Source data:
- - -
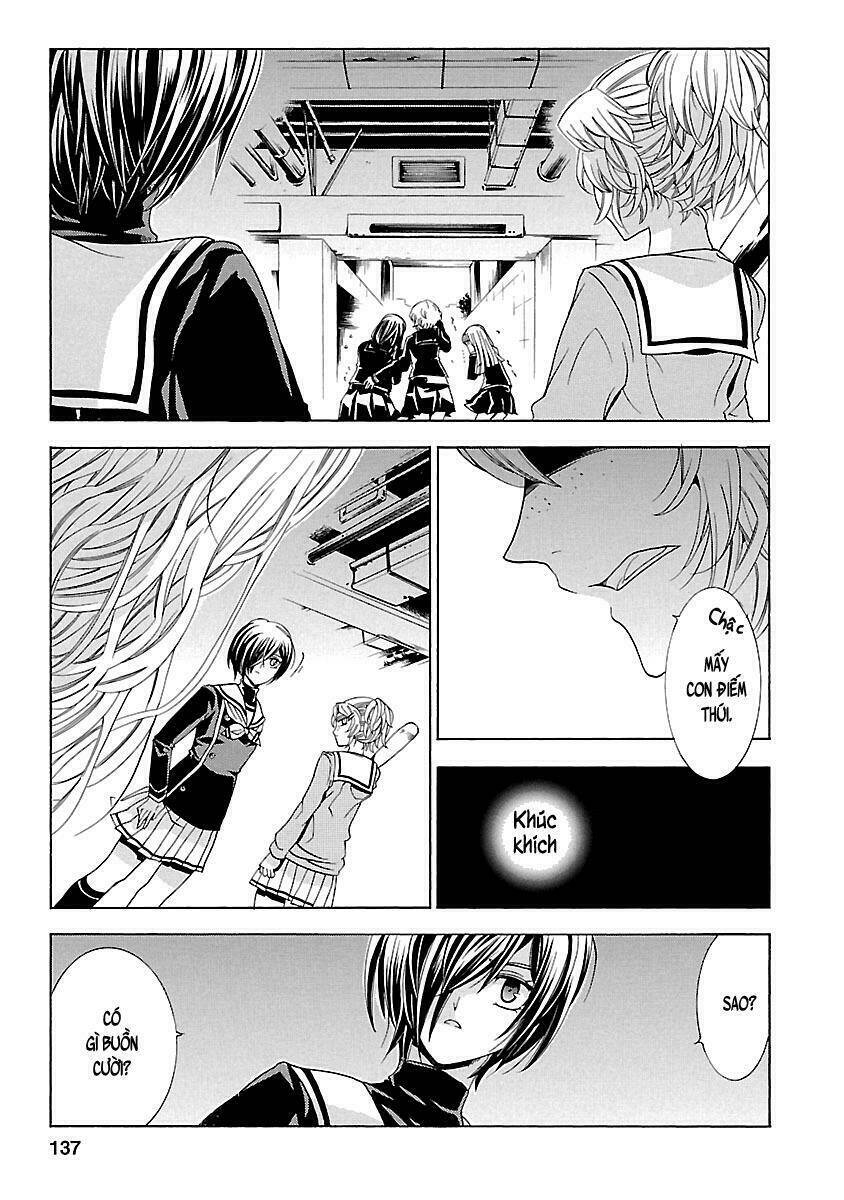 fukushuu kyoushitsu chapter 18 6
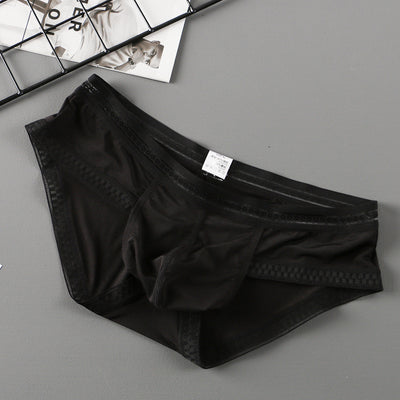 Bóxer Translúcido Ice Silk para Hombre - Fresco y Sexy - Image 18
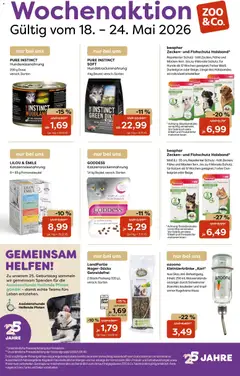 Zoo & co Prospekt 	 ab 18.05.2026 gültig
- - -
Task: Write the material out again exactly as it appears, dropping the pictures.

Result of this task:
 fukushuu kyoushitsu chapter 18 6
 Bóxer Translúcido Ice Silk para Hombre - Fresco y Sexy - Image 18
 Zoo & co Prospekt 	 ab 18.05.2026 gültig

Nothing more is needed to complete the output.